_MATERIAL PROVIDED_:
───

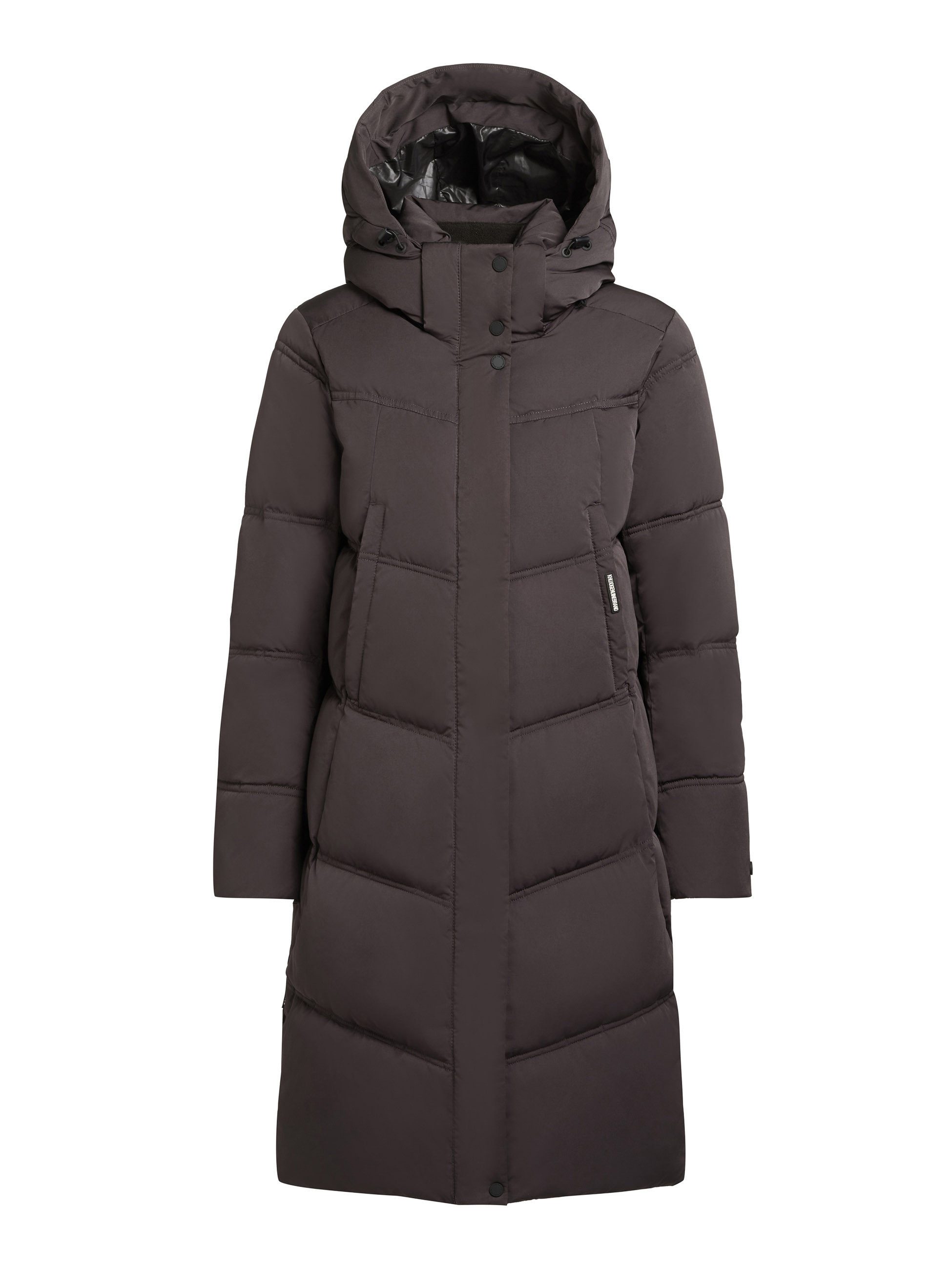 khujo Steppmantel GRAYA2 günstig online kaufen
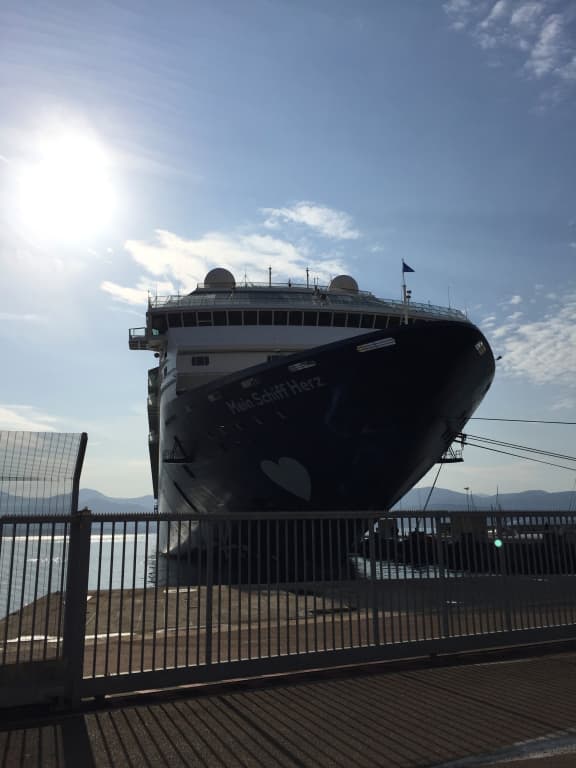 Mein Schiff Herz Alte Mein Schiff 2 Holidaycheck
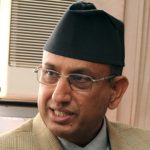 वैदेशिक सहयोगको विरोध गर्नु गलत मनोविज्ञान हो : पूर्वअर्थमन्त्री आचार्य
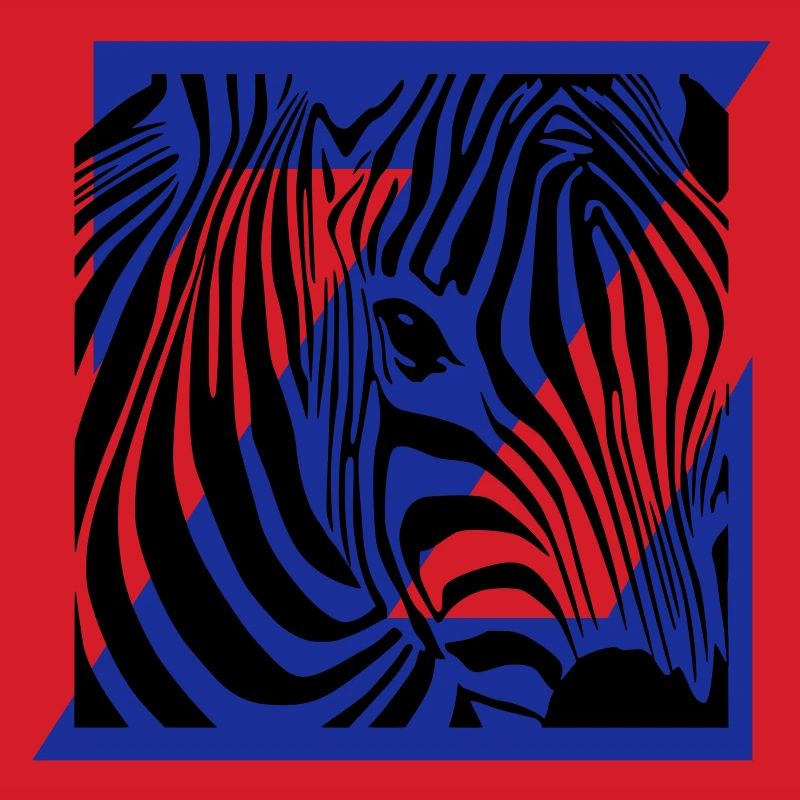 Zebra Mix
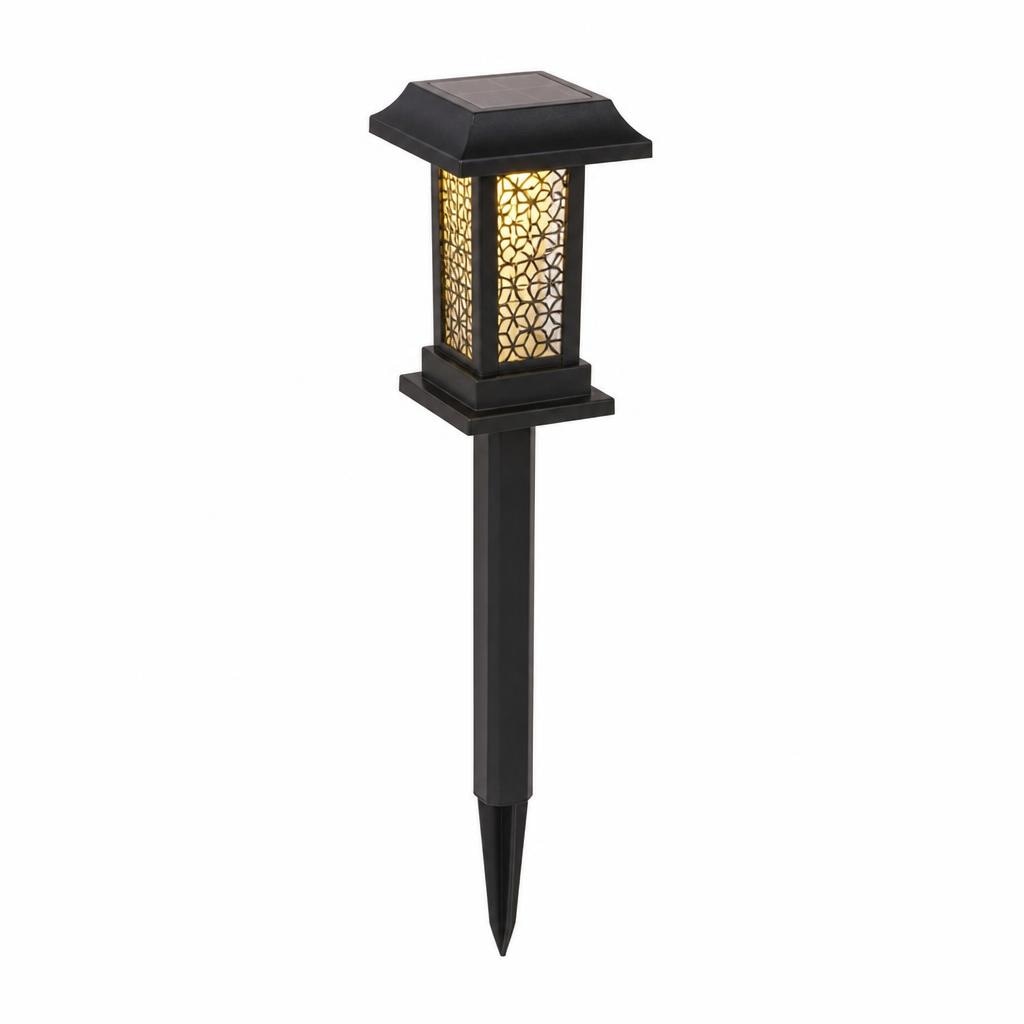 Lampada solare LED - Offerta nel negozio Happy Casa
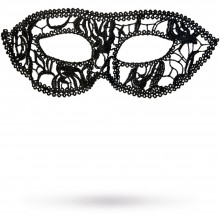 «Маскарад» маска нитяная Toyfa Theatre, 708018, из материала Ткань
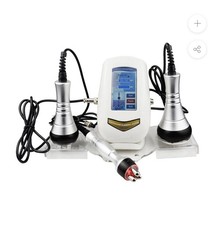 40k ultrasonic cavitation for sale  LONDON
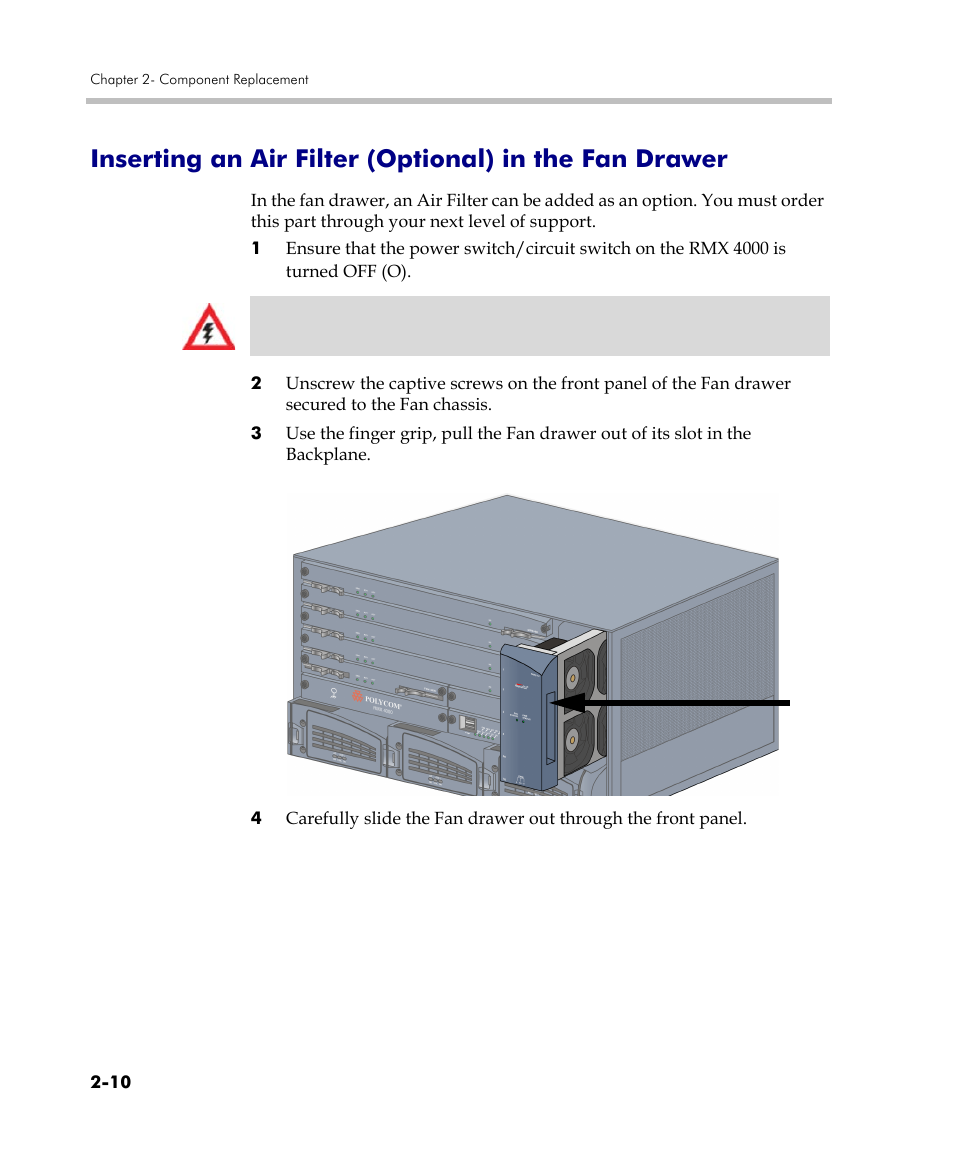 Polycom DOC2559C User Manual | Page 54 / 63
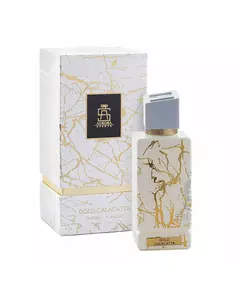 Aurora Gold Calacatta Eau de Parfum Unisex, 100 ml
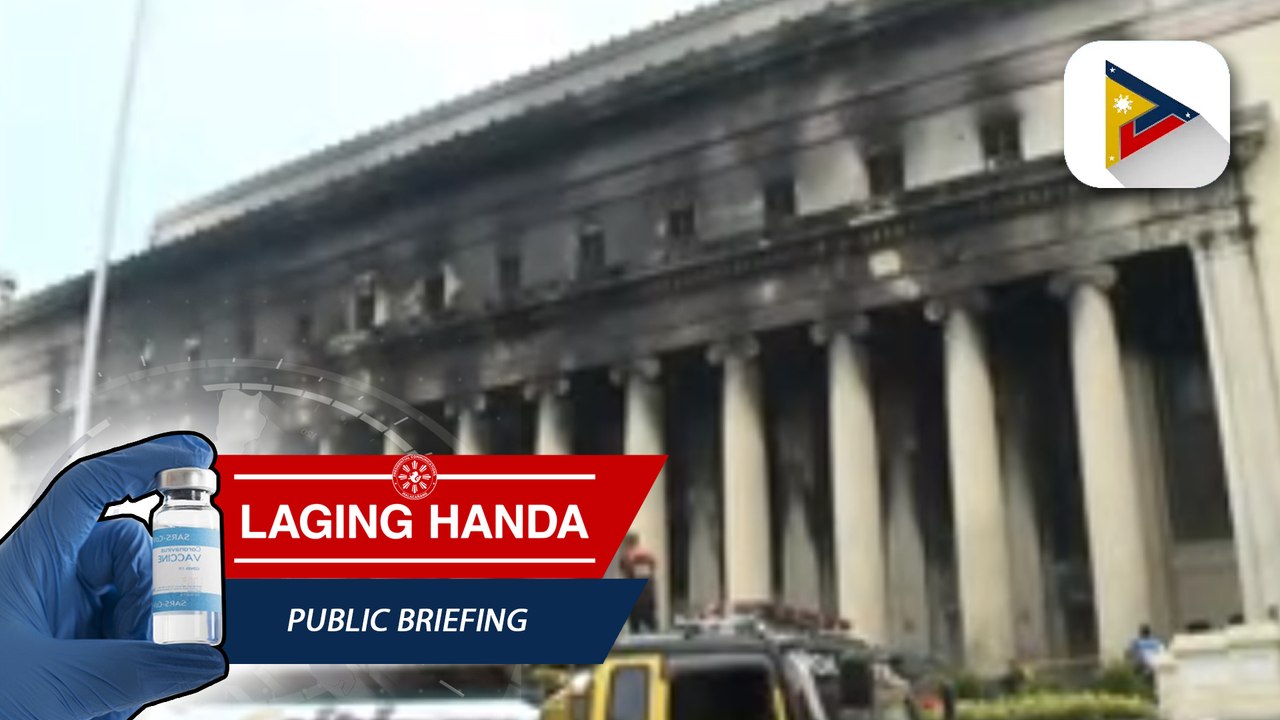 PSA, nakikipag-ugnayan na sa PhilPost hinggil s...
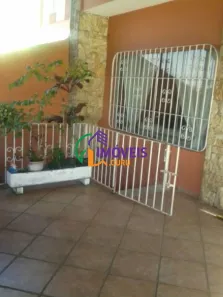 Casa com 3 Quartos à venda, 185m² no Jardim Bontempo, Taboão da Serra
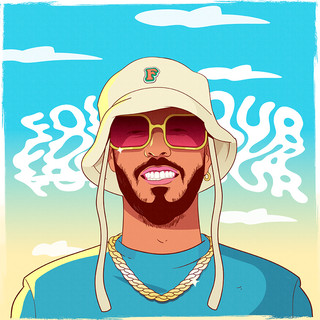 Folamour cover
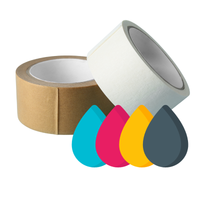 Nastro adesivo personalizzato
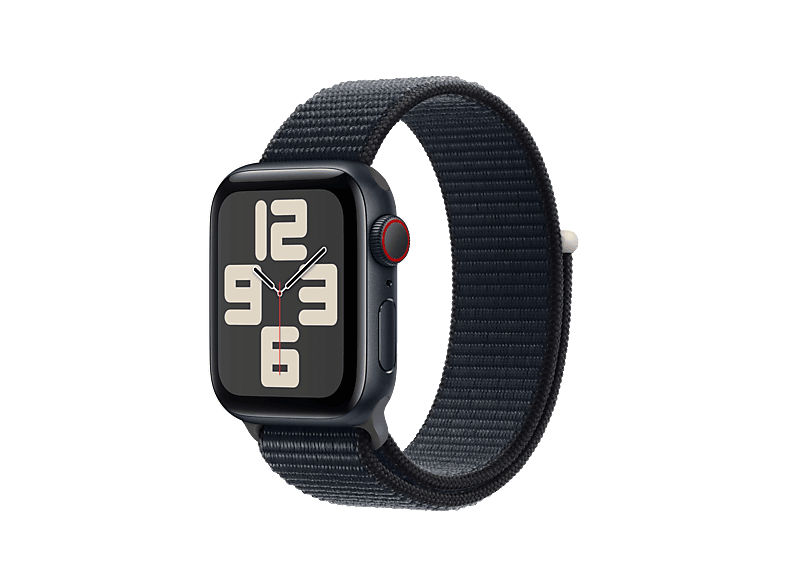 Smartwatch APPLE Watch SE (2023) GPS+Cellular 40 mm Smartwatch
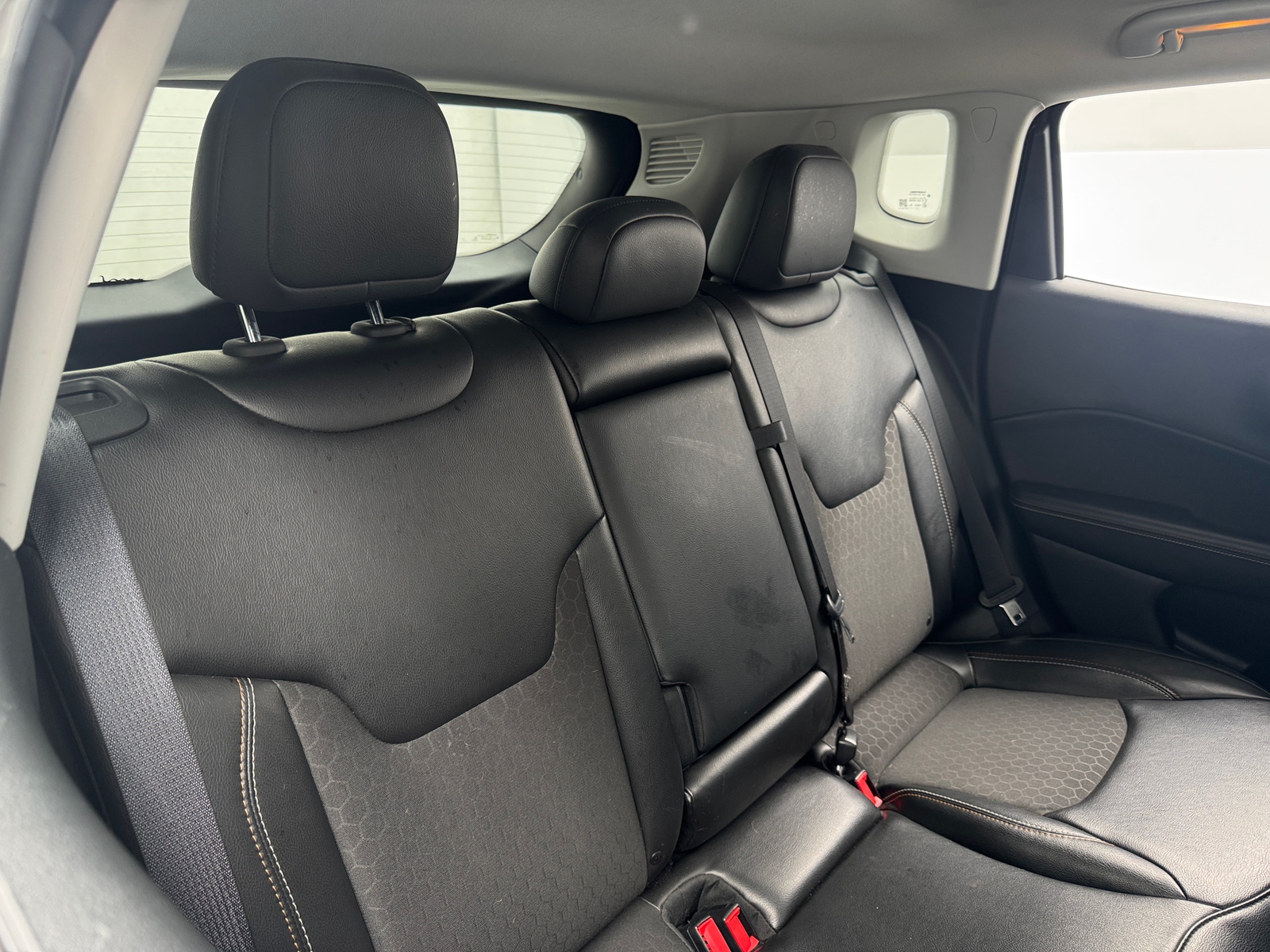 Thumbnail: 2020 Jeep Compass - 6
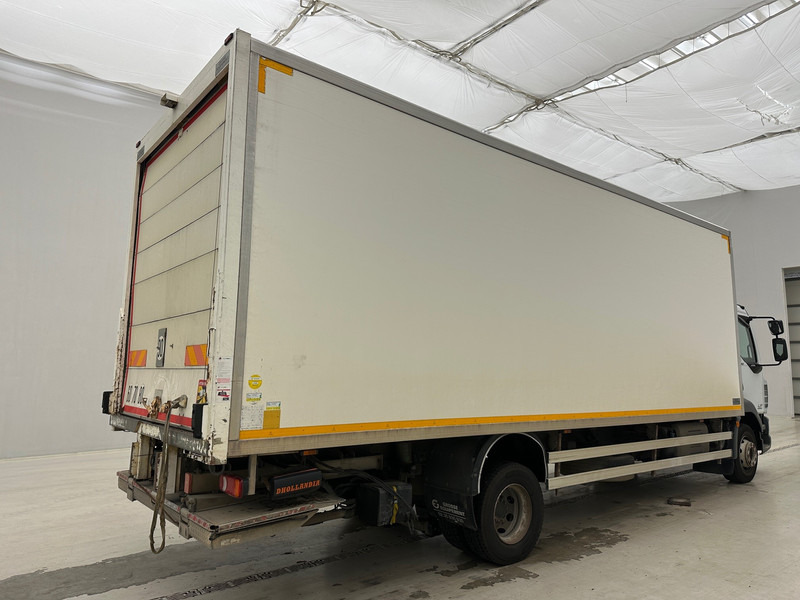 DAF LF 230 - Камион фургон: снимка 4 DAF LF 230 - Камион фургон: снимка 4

───

_EXERCISE PROMPT_: The copy should begin at the line containing "Smartwatch APPLE Watch" and end at the last line of the data above; please restate those lines word for word without the pictures.

_THE ANSWER_:
 Smartwatch APPLE Watch SE (2023) GPS+Cellular 40 mm Smartwatch
 Thumbnail: 2020 Jeep Compass - 6
 DAF LF 230 - Камион фургон: снимка 4 DAF LF 230 - Камион фургон: снимка 4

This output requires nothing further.